Housseïn, a Libyan refugee in his 20s living in Paris

"It was a shock to people everywhere, to people around the world."

"It's much different than the gun culture in France. I don't know much about the gun culture in America, but I know it's complicated there, it's not like here. There's a lot of racism in the United States, more than there is here, I believe."

Mic/Natasha Noman

Fatih Seyhanoglu, 36, Kurdish

"Violence via video games and the media has been occupying our minds. People need to retreat or make retreat part of American culture in order to detoxify, clear, purify their mind and spirit."

"The origin of violence — beyond the gun — it is the outcome of the decline of our education system, [the rise of] individualism and the decline of American Postmodernism."

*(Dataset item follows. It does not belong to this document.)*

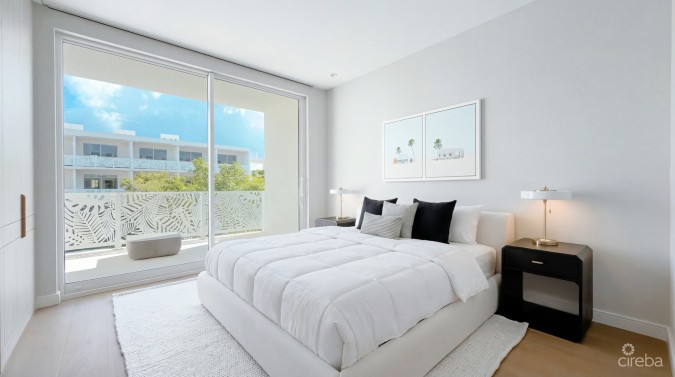 THE GROVE TOO - ONE BED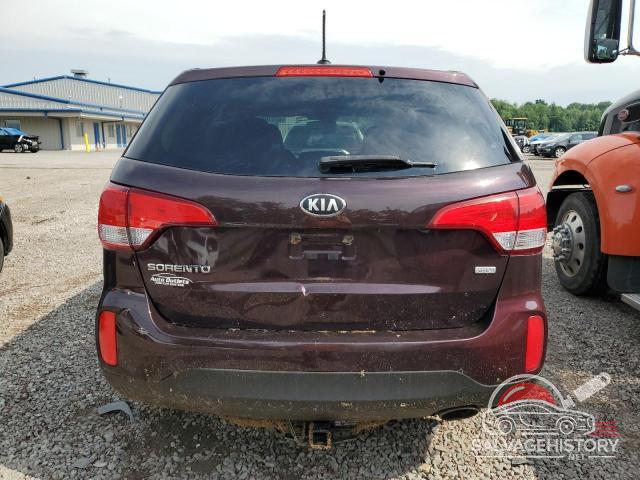 5XYKT3A6XFG572300 2015 KIA SORENTO photo no. 6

Alexandra Chasse, 39, Canadian-American

"As someone whose family members (on both sides of the border) are hunters and military members, and as someone who is deeply concerned for her kids' safety, and as someone who can remember being a young Canadian learning about the Montreal Massacre (which set Canada on the path to significant long-term reform of its gun laws), and as someone who admires the strong and fearless Americans who fight gun violence, I have a pretty extensive perspective on how common sense reforms will save this nation from further bloodshed."

"My first reaction on why I fight gun violence is always the same: because I love my American family and friends who don't have to live this way. Although my Canadian relatives and friends are simply mystified by the extent of gun violence here, I always insist: this problem is going to be fixed by the biggest, bad-assest Americans you ever did see. Just watch."